Die Fläche befindet sich weder im Überschwemmungsgebiet noch bestehen bauordnungsrechtliche Auflagen, die eine Einfriedung ausschließen würden. Auch Ausstattungselemente wie Sitzbänke, Abfallbehälter mit Hundekotbeutelstation, Beschilderung, Agility Parcours-Elemente etc., die in der Evaluation von den Nutzerinnen und Nutzer als Verbesserungsvorschläge für Hundewiesen genannt wurden, könnten auf dieser Fläche realisiert werden.

Darüber hinaus bietet die Fläche in Rüningen einen Baumbestand, der in Teilen für die Hundefreilauffläche genutzt werden kann, so dass hier beschattete Aufenthaltsbereiche und Erkundungsmöglichkeiten für Hunde bestehen.

Bauliche Ausstattung der Hundefreilauffläche

Die Hundewiese soll mit einem Wildschutzzaun (1,60 m hoch) eingefriedet werden. Der Zugangsbereich soll mit einer doppeltorigen Schleuse sowie einer Zufahrt für Pflegefahrzeuge versehen und mit einer Schotterfläche befestigt werden. Dies dient sowohl der Sicherheit als auch dem Komfort bei der Nutzung der Hundewiese und wurde seitens der Nutzerinnen und Nutzer in der durchgeführten Evaluation als Verbesserungsvorschläge angeführt.

Außerdem erhält die Hundefreilaufflächen Sitzgelegenheiten und einen Abfallbehälter mit Hundekotbeutelstation. Eine Wasseranschlussstelle ist nicht vorgesehen.

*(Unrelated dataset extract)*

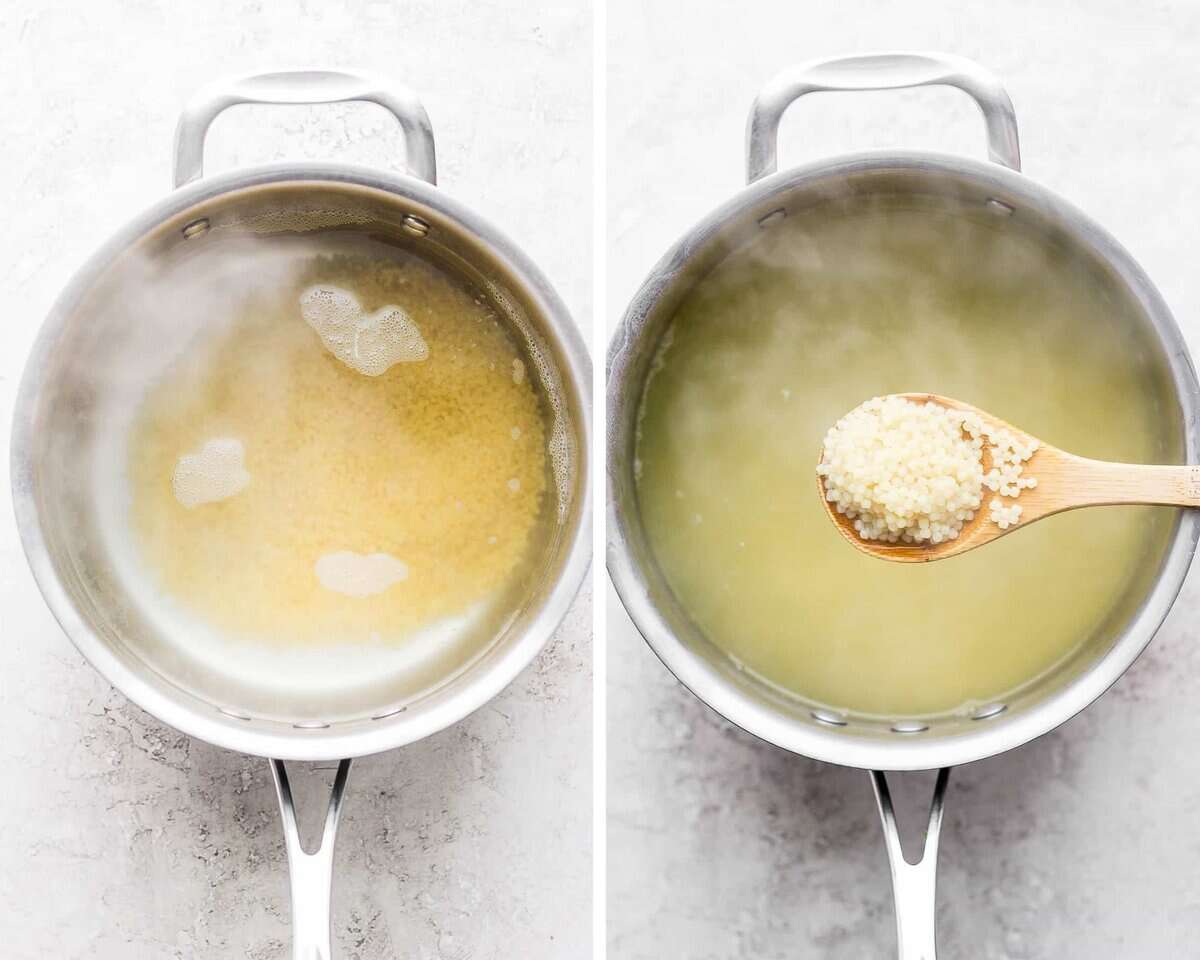 Two images showing the pasta cooking in hot water and some of it being scooped out.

Aus den Ergebnissen der Evaluation soll der Wunsch nach Agility-Parcours-Elementen aufgegriffen und auf dem neuen Standort in Rüningen umgesetzt werden. Ein niedrigschwelliges Angebot von ca. fünf Elementen könnte auf einer Teilfläche realisiert werden.

Kosten

Die Kosten für die Errichtung der Hundefreilauffläche am Standort Rüningen mit Einfriedung (Wildschutzzaun, Schleusenanlage, Pflegezufahrt und Schotterfläche im Zugangsbereich), Sitzbänken, Abfallbehälter inkl. Hundekotbeutelstation sowie einem Agility-Parcours belaufen sich auf rund 35.000 € (brutto). Finanzmittel stehen im Teilhaushalt des Fachbereichs Stadtgrün in ausreichender Höhe zur Verfügung.

Weiteres Vorgehen

Nach erfolgtem Beschluss durch den Umwelt- und Grünflächenausschuss kann das Ausschreibungs- und Vergabeverfahren zur Errichtung einer vierten Hundefreilauffläche beginnen. In Abhängigkeit der vergaberechtlich vorgeschriebenen Fristen sowie der Lieferzeiten des Materials kann mit einer Umsetzung der Maßnahme voraussichtlich ab dem 1. Quartal 2026 gerechnet werden.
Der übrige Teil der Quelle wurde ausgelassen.